In June 2015, the bank acquired Lake Michigan Financial Corporation for $187.4 million in cash and stock.

In August 2016, the bank acquired Talmer Bancorp for $1.7 billion in cash and stock.

In 2017, David B. Ramaker, president and chief executive officer of the bank, retired and was succeeded by David T. Provost.

On July 25, 2018, the company announced the move of its headquarters, along with over 500 employees, to Detroit.

TCF Financial Corporation
TCF Financial Corporation began business in 1923 as Twin City Building and Loan Association. In 1936, it was given a federal charter and renamed as Twin City Federal Savings and Loan Association. 

In 1986, it became a public company.

In 1995, TCF increased its Michigan presence by acquiring the Great Lakes National Bank. From 1995 through 1998, the TCF Bank branches in Michigan operated under the Great Lakes National Bank name. In 1999, all of the branches were rebranded as TCF. It also acquired First Federal Savings Bank of Oakland County.

In 1997, the bank acquired Winthrop Resources Corporation.

In 2002, the University of Michigan announced that TCF Bank was selected as a preferred provider of banking services to students, faculty, and staff. The University terminated this agreement in 2015.

In 2004, the bank acquired of VGM Leasing, Inc.

In 2005, TCF Bank announced the sale of its Michigan headquarters building to Ann Arbor, Michigan real-estate company McKinley Associates, though part of the ground level remains a TCF Bank branch.

On November 6, 2006, TCF announced the sale of 10 branches in Battle Creek, Bay City, and Saginaw to Independent Bank.

Its first branch in Arizona was opened in Mesa, Arizona, on December 13, 2006. 

In 2008, TCF entered the commercial inventory finance business in the U.S. and Canada with the creation of TCF Inventory Finance, Inc.

In 2011, TCF entered the indirect auto finance business with the acquisition of Gateway One Lending & Finance.
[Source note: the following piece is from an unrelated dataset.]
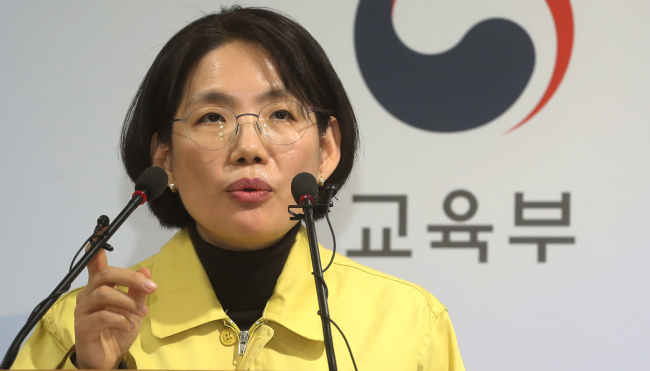 [사진=연합뉴스]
It closed 37 branches in 2013 and another 33 in 2016. In some locations, it replaced the full-service branches with ATMs.

Controversies

Overdraft fees
In 2010, TCF Bank was sued regarding overdraft charges. The bank processed higher amount transactions first in order to drain customer accounts faster, allowing TCF to then increase the number of total overdraft charges from each of the smaller amounts remaining, as well as charging overdraft fees on a daily basis rather than posing one flat fee. In 2011, TCF Bank changed its overdraft policy to include a daily $28 fee. After public backlash, the bank reversed its policy in 2012.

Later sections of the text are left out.